Удача вернулась в Дубай благодаря проблемам в других местах. Снова и снова город обращал свое местоположение посреди беспокойного региона – политически нестабильный Ближний Восток, нищее население соседних южно-азиатских стран – в выгодный актив. Неколебимая власть семьи Аль-Мактум и ее основанная на старинных портовых традициях приверженность к либеральной экономической политике сделали Дубай островком стабильности и процветания.

Первая большая волна мигрантов с коммерческими задатками пришла в Дубай из недавно обретшей независимость Индии, и в частности из Бомбея – главного экономического центра страны. После предпринятой Неру национализации крупных предприятий и установления драконовского режима лицензионного раджа, множество индийских предпринимателей перебрались в Дубай. Поскольку по новому антимонопольному законодательству текстильные фабрики Бомбея могли продавать в Индии лишь ограниченный объем своей продукции, ее излишки тоже отправлялись в Дубай, откуда расходились по всему региону и за его пределы. Со временем город превратился в своего рода параллельный Бомбей: индийские предприниматели выходили отсюда на мировые рынки вопреки воле собственного правительства, которое делало ставку не на внешнеторговые связи, а на экономическую самодостаточность. Именно дубайские индийцы стали импортерами ведущих японских компаний по производству электроники вроде Sony, NEC и JVC, на продукцию которых в Индии накладывались неподъемные торговые пошлины. Начатые по особому указу шейха и завершенные в 1961 году работы по углублению дна бухты позволили заходить в порт кораблям большего водоизмещения и тем самым укрепили связи Дубая с региональными торговыми посредниками: теперь, помимо выгодных экономических условий, город предоставлял им и инфраструктуру, необходимую для международной торговли.

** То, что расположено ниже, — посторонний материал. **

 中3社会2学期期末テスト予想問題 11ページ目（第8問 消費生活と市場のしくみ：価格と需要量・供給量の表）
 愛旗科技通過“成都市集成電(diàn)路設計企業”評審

Многие индийские коммерсанты использовали Дубай в качестве ворот на открытые мировые рынки, но другие рассматривали его как базу для ведения незаконного бизнеса внутри собственной страны. Когда правительство Неру ввело налог на драгоценные металлы, цены на золото в Индии в два раза превысили мировые47, а его контрабанда стала одной из крупнейших отраслей экономики Дубая. В то время как Бомбей был фактически вытеснен с мирового рынка золота, крошечный Дубай стал вторым по величине покупателем этого металла на британских биржах, уступая лишь богатому, производящему огромное количество предметов роскоши соседу Великобритании – Франции48. Разумеется, эмират в Персидском заливе был просто прикрытием для Бомбея, куда и направлялась большая часть этого золота и где оно продавалось на черном рынке с огромной наценкой. Незаконный импорт золота в Индию контролировали бомбейские криминальные авторитеты. Под покровом ночи корабли одновременно отплывали из Дубая и Бомбея, чтобы, встретившись посреди Аравийского моря, обменять пачки наличных на золотые слитки.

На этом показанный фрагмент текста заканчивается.